Shekhar goes to Goa for a press conference, followed by Kavya, who tells him she had no choice but this to break her loneliness. Something brews between the two as Shekhar goes back to his home in Mumbai. Soon, Nandita notices that Shekhar is uncomfortable with the surroundings, and as she tries to help him, he starts yelling at her about why she is giving him much importance. More issues pop up as Shekhar misses his daughter's annual school function and decides to confront Kavya to end this relationship. But Kavya leaves no stone unturned; she visits him and explains how she can feel happy only with him. Shekhar gives in.

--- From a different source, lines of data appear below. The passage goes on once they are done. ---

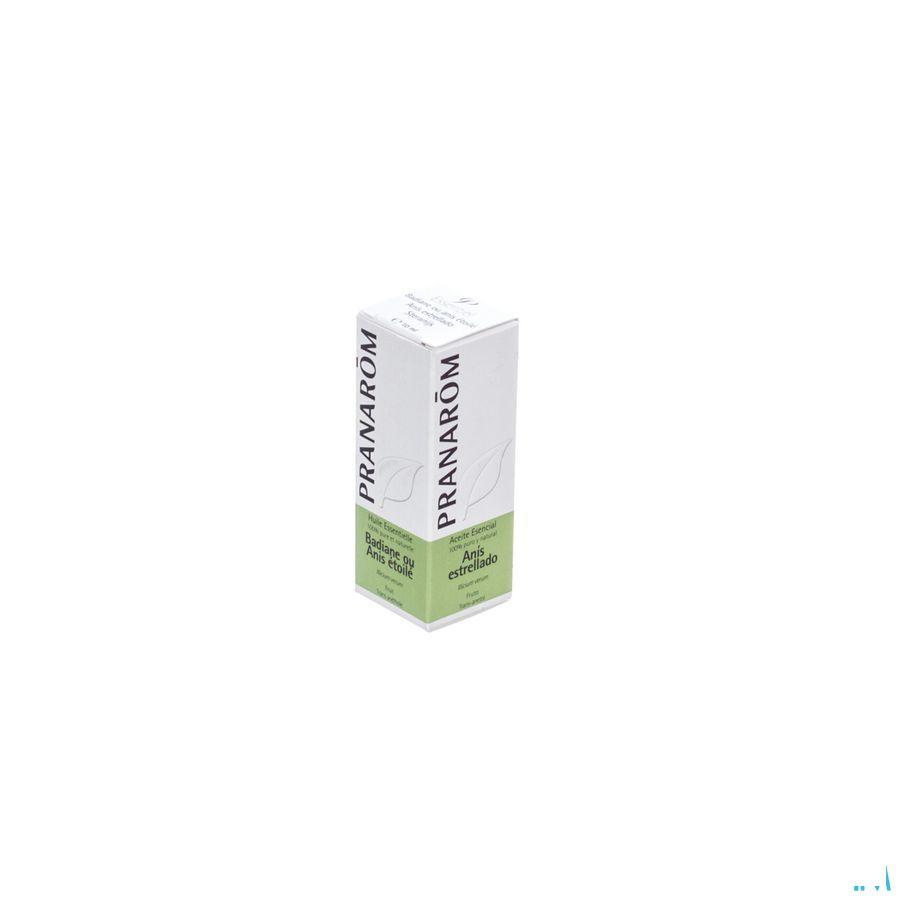 Steranijs Essentiele Olie 10 ml  -  Pranarom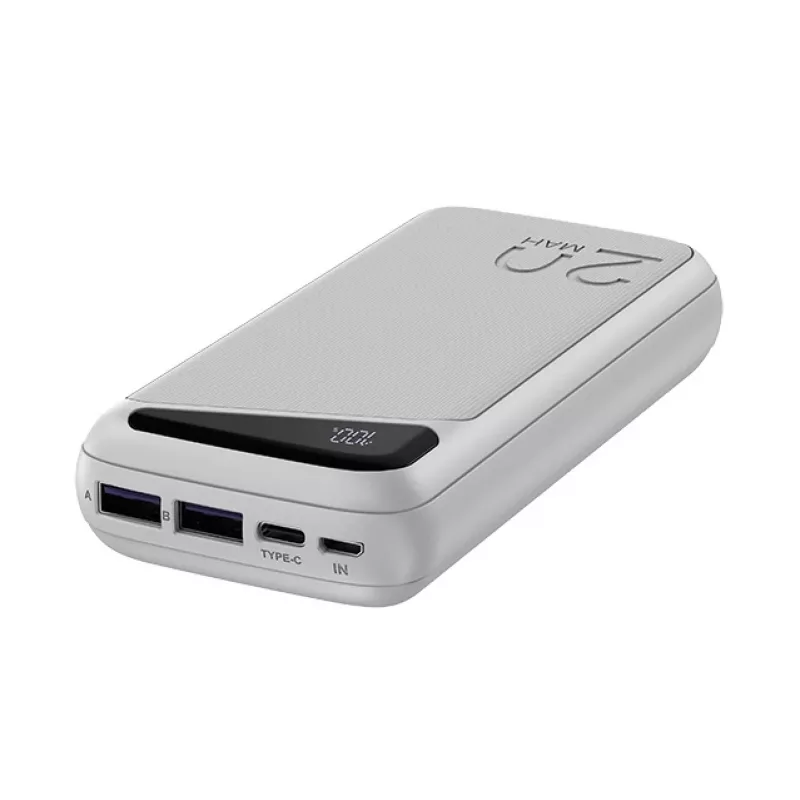 Prenosná powerbank Navitel PWR20 MX BIELA 20000 mAh
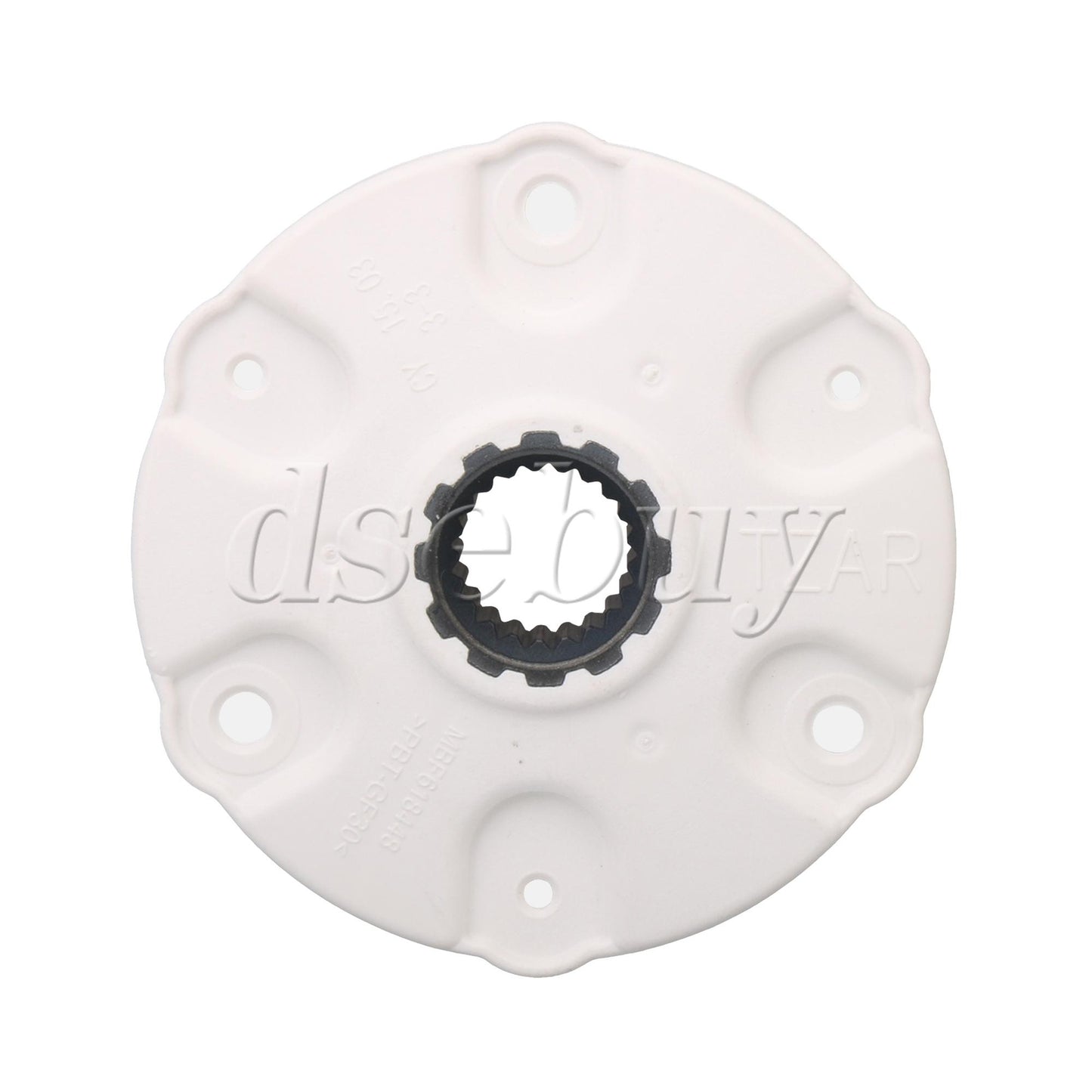 ya 26 2 Pieces Washing Machine Rotor Hub MBF618448 Replacement for Washer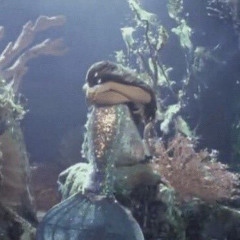 F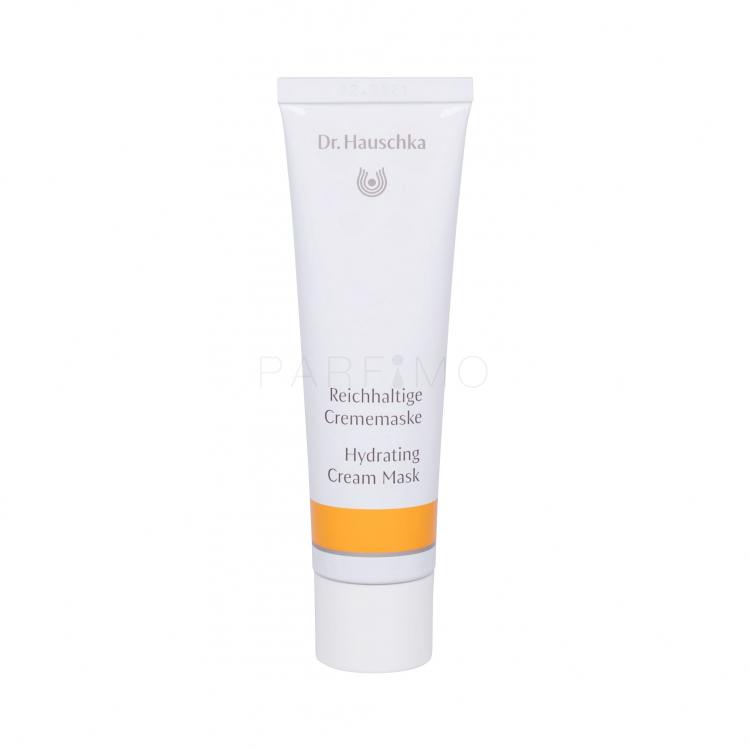 Dr. Hauschka Hydrating Cream Mask Arcmaszk nőknek 30 ml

Nandita tells Shekhar that a journalist from Mid-Day newspaper had called and wanted to speak to him. Ignoring this call, the next day, he discovers that his relationship with Kavya is printed in the newspaper and has become the talk of the town. Kunal's wife, Shilpa, then spots Nandita at a restaurant and shows her the newspaper, leaving her in complete shock. He and Nandita confront each other about the affair, and it ends with Nandita slapping him on the face. The next day, she apologizes to him and tells him she will do anything to save this marriage. She later visits Kavya's house to confront her and asks her to let her family live in peace. As Shekhar is informed about Nandita's visit to Kavya, he loses his temper and decides to leave the house, telling Nandita how he regrets his marriage.

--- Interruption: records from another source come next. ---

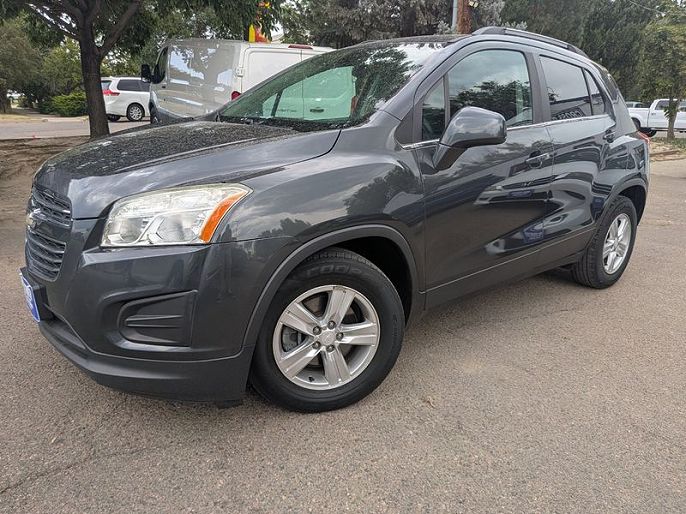 2016 Chevrolet Trax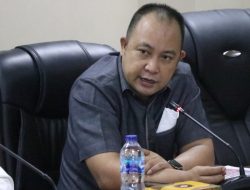 Careig Runtu Pastikan Dua Ranperda Tuntas Sebelum Jabatannya di DPRD Sulut Berakhir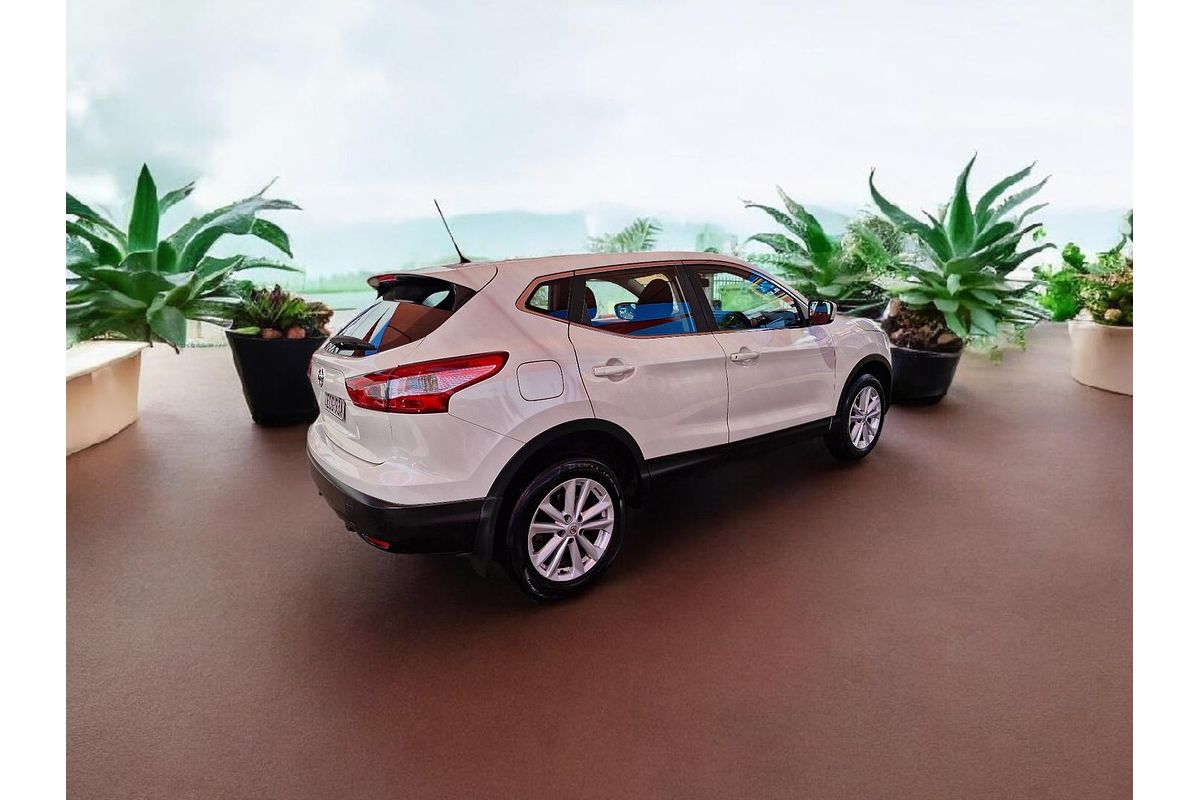 2016 Nissan QASHQAI ST J11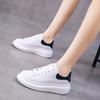 Summer Couple Height Increase White Shoes Autumn New Fashion Trend Casual Low Top Platform Women's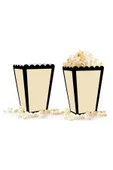 Popcorn Kutusu 8'li - 1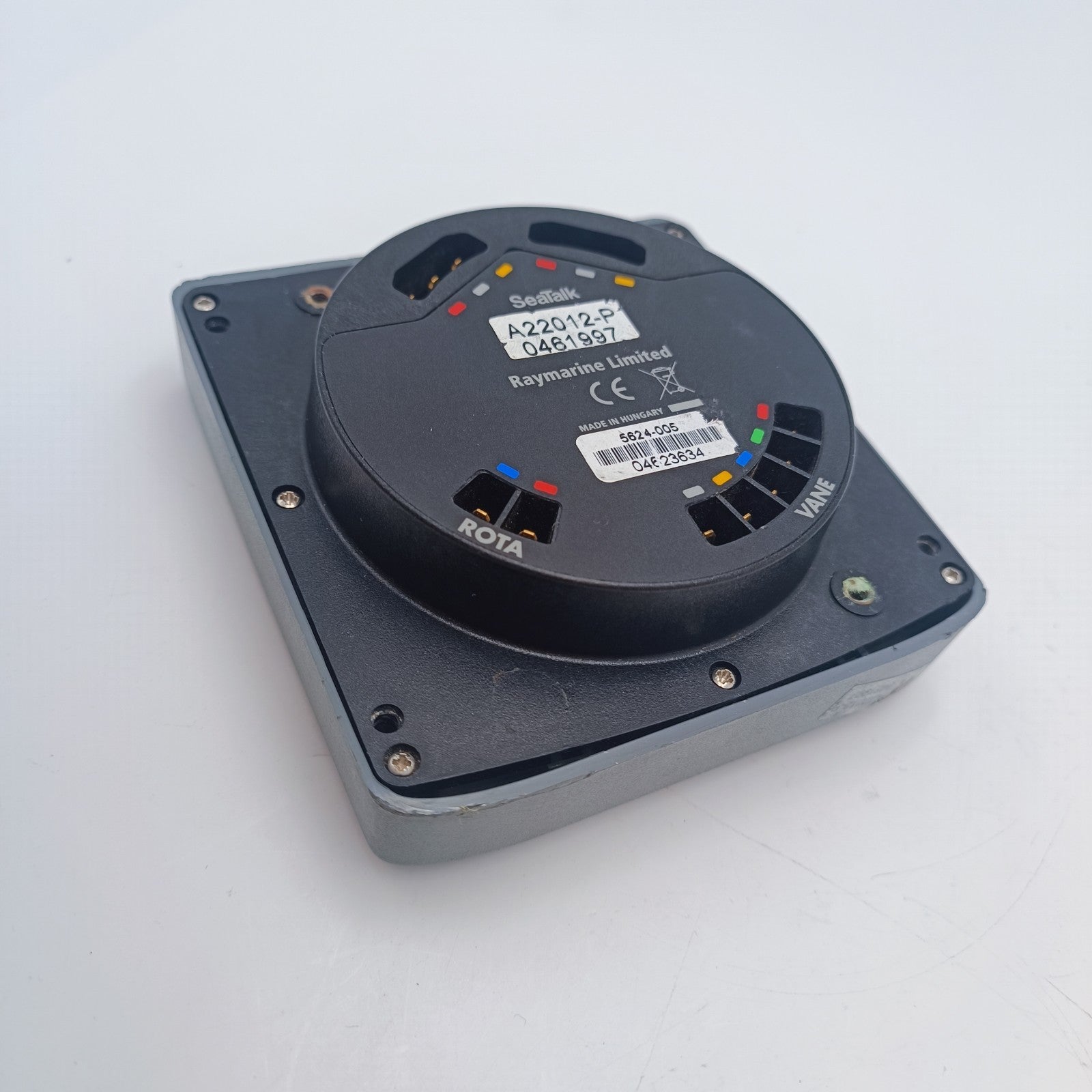 RAYMARINE ST60+ WIND Instrument Display Unit A22012-P Raytheon Autohelm A22012-P3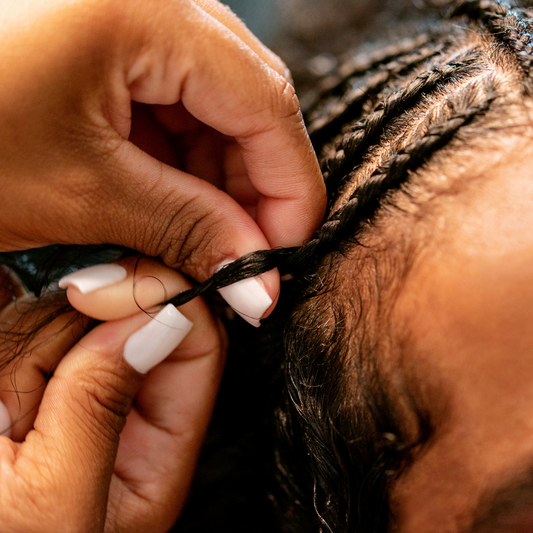 Affirmations to Play While Doing your Hair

Sheena's parents are called to her, and the principal tells them that he's upset with the recent change in Sheena's behavior. Sheena tells her father that her classmates have been picking on her after his affair with the star; he denies it when she asks him whether it is true or not. Kavya's manager (Deepak Qazir) asks her to stop making her personal life public, as her reputation is being ruined. Kavya blames Nandita for everything and fires the manager, thinking he is working against her. She then asks Shekhar to choose between her and Nandita, as she would not mind risking her own life to keep her man exclusively for herself. Torn between the two women, Shekhar decides to split from his wife and his daughter. Nandita calls him, asking him to pay his daughter a visit as she's sick. Kavya refuses to let him go and tells him this is Nandita's plan to take him back. Shekhar gets furious and yells at her, saying she is mad, lonely, and mentally ill. Kavya is hurt, so she grabs a gun and shoots herself. Shekhar goes back to Nandita, asking her for forgiveness, but she turns him down. After reading all this, Sheena goes back to her father and hugs him as he apologizes to her. She accepts his apology, and the next day, she wakes up to find her father has died. Sheena asks her to forgive him, too, and she finally agrees.

== Cast ==
- Aftab Shivdasani as Shekhar Saxena
- Ameesha Patel as Nandita Saxena
- Esha as Kavya Krishna
- Hrishita Bhatt as Sheena Saxena (Special appearance)
  - Khushi Dubey as Young Sheena Saxena
- Amin Hajee as Dr. Kunal Mehta
- Vikas Bhalla as Kavya's ex-boyfriend
- Ashwini Kalsekar as Shilpa Mehta
- Deepak Qazir as Kavya's manager
- Vikram Bhatt (Uncredited)

== Soundtrack ==

The soundtrack for Ankahee has music by Pritam with lyrics from Amitabh Varma, Sameer and Subrat Sinha.

=== Track listing ===

| No. | Title | Singers | Length |
|---|---|---|---|
| 1. | "Aa Paas Aa" | Shreya Ghoshal | 6:33 |
| 2. | "Ankahee" | Kunal Ganjawala | 4:06 |
| 3. | "Ankahee – 1" | Shaan, Abrar-ul-Haq | 4:56 |
| 4. | "Ek Pal Ke Liye" | KK | 5:55 |
| 5. | "Ek Pal" | Sonu Nigam | 5:43 |
| 6. | "Ek Pal 2" | Shreya Ghoshal | 5:39 |
| 7. | "Lamha" | Babul Supriyo | 5:02 |
| 8. | "Tumse Yu Milenge" | Kunal Ganjawala | 5:08 |

== Reception ==
Taran Adarsh of IndiaFM gave the film 3 out of 5, writing, "On the whole, ANKAHEE is a sensitive tale that has been executed and performed with flourish. At the box-office, it caters to the elite crowd and ladies mainly -- those who have an appetite for true to life, mature and meaningful cinema. The film has the merits to grow with a strong word of mouth in days to come. Its business at multiplexes of metros should be the best. Recommended!" Diganta Guha of Hindustan Times gave the film 3 out of 5, praising the emotions, screenplay, and the performances. She further wrote, "With due respect to the script, the film is heavily performance-oriented, too - Aftab, Ameesha and Esha get equal footage and play their respective parts with grace."

Conversely, Sukanya Verma of Rediff.com gave the film 1.5 out of 5, writing, "Vikram Bhatt may have felt a lot of emotions, but Ankahee leaves you with just one: boredom."